Populate training data

# Simulate historical predictions + accuracy (recommended before first use)
python training.py --save-to-db

Configuration Reference

All configuration lives in .env. Copy .env.example and remove sensitive values before committing.

Tickers

Tickers are managed via the Streamlit UI or directly in the database. ticker.cfg is used to seed the database on first run.

Data

Variable Default Description
HISTORICAL_DAYS 365 Calendar days of OHLCV history to fetch
CACHE_TTL_HOURS 3 How long fetched data is reused before re-fetching

Signal Weights

Variable Default Indicator
SIGNAL_WEIGHTS_RSI 1.0 RSI overbought/oversold
SIGNAL_WEIGHTS_MACD 1.5 MACD histogram crossover
SIGNAL_WEIGHTS_TREND 2.0 SMA/EMA trend direction
SIGNAL_WEIGHTS_VOLUME 0.8 OBV volume flow
SIGNAL_WEIGHTS_BB 1.0 Bollinger Band position
SIGNAL_WEIGHTS_STOCH 0.8 Stochastic oscillator
SIGNAL_WEIGHTS_SENTIMENT 0.5 Reddit social sentiment (Phase 1)
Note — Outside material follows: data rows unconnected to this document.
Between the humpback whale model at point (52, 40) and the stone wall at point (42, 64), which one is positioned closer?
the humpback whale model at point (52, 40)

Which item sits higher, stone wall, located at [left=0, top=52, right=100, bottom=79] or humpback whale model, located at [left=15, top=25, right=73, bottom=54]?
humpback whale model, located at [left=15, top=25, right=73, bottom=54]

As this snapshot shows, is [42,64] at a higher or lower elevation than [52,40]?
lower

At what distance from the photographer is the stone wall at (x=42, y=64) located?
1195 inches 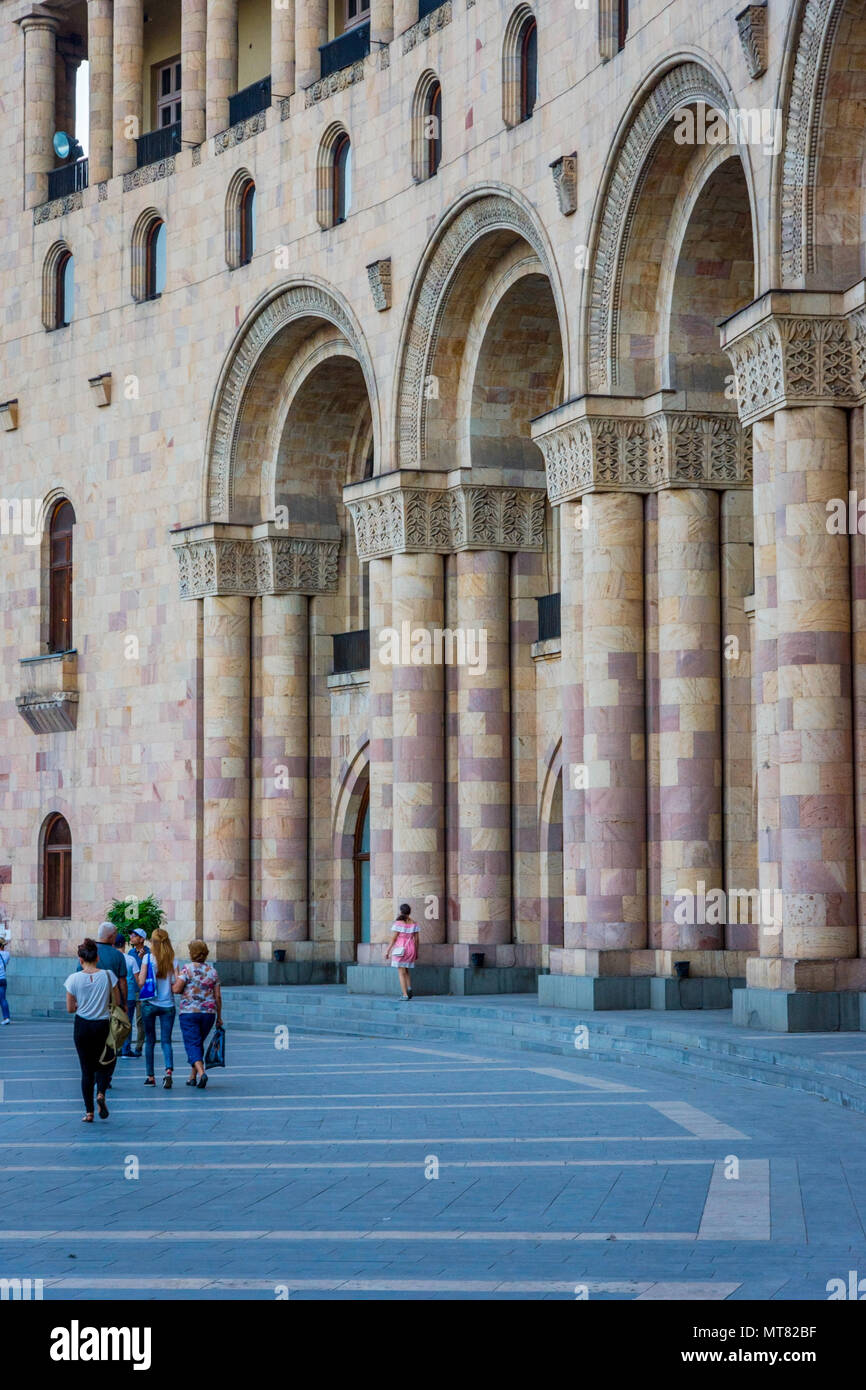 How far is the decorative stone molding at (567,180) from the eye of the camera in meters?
27.0

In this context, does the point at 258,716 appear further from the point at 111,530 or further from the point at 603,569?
the point at 603,569

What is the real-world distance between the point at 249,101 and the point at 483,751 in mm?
12638

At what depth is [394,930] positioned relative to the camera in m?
30.3

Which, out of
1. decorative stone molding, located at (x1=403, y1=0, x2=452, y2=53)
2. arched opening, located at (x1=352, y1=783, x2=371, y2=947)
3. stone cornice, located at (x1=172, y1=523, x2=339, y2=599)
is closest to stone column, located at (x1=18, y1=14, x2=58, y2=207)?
stone cornice, located at (x1=172, y1=523, x2=339, y2=599)

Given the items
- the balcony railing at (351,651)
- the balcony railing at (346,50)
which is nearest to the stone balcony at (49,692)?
the balcony railing at (351,651)

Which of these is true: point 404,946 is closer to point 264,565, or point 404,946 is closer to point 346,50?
point 264,565

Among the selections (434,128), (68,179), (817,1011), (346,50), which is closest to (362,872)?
(434,128)

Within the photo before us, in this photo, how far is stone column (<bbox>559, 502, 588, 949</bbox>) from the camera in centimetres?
2700

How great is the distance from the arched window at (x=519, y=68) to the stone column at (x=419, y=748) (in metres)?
6.44

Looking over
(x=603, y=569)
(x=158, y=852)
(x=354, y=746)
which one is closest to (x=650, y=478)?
(x=603, y=569)

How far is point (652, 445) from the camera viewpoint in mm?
26391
Per-ticker weights are learned automatically and stored in ticker_weights. These values are the global defaults used before enough accuracy data accumulates.

Reddit Sentiment (Phase 1)

Variable Default Description
REDDIT_CLIENT_ID (empty) PRAW application client ID — sentiment disabled when empty
REDDIT_CLIENT_SECRET (empty) PRAW application client secret
REDDIT_USER_AGENT market_eval/2.0 HTTP user-agent string
SENTIMENT_TTL_HOURS 1 How long Reddit post lists are cached

Obtain credentials at reddit.com/prefs/apps — create a "script" type application.

Prediction

Variable Default Description
FORECAST_SHORT 3 Short-horizon forecast in calendar days
FORECAST_LONG 7 Long-horizon forecast in calendar days
PREDICTOR_METHOD ensemble statistical | ml | lstm | ensemble
ML_LABEL_THRESHOLD 0.005 Min move (0.5%) to classify as UP/DOWN; below = FLAT
RETRAIN_MIN_RECORDS 30 New accuracy records needed before auto-retraining
ACCURACY_CHECK_INTERVAL_HOURS 1 Background accuracy evaluation frequency

LSTM (Phase 3)

Variable Default Description
LSTM_SEQUENCE_LEN 60 Look-back bars per training sequence
LSTM_HIDDEN_UNITS 128 LSTM hidden layer size
LSTM_EPOCHS 50 Training epochs per (ticker, horizon) pair
LSTM_BATCH_SIZE 32 Mini-batch size

Storage

Variable Default Description
DB_PATH market_eval.db SQLite file path (relative, no ..)
MODEL_DIR .models Directory for XGBoost .json and LSTM .pt model files

API Server

Variable Default Description
API_HOST 127.0.0.1 Bind address. Use 0.0.0.0 only behind a proxy
API_PORT 8000 TCP port
API_TOKEN (empty) X-API-Key bearer token. Empty = open/dev mode

Database Backend (MySQL)

Variable Default Description
DB_TYPE sqlite sqlite or mysql
DATABASE_URL (empty) Full SQLAlchemy URL — overrides all other db_* settings
MYSQL_HOST localhost MySQL host
MYSQL_PORT 3306 MySQL port
MYSQL_USER market_eval MySQL user
MYSQL_PASSWORD (empty) MySQL password
MYSQL_DATABASE market_eval MySQL database name

Concurrency

Variable Default Description
MAX_FETCH_WORKERS 8 Thread pool size for parallel yfinance fetching
MAX_COMPUTE_WORKERS 4 Process pool size for feature engineering

User Guide

Overview Page

Displays the most recent prediction for every configured ticker. The Action column shows BUY / HOLD / SELL colour-coded green / amber / red. The 3d Acc % and 7d Acc % columns show historical direction accuracy for that ticker once enough evaluations have accumulated.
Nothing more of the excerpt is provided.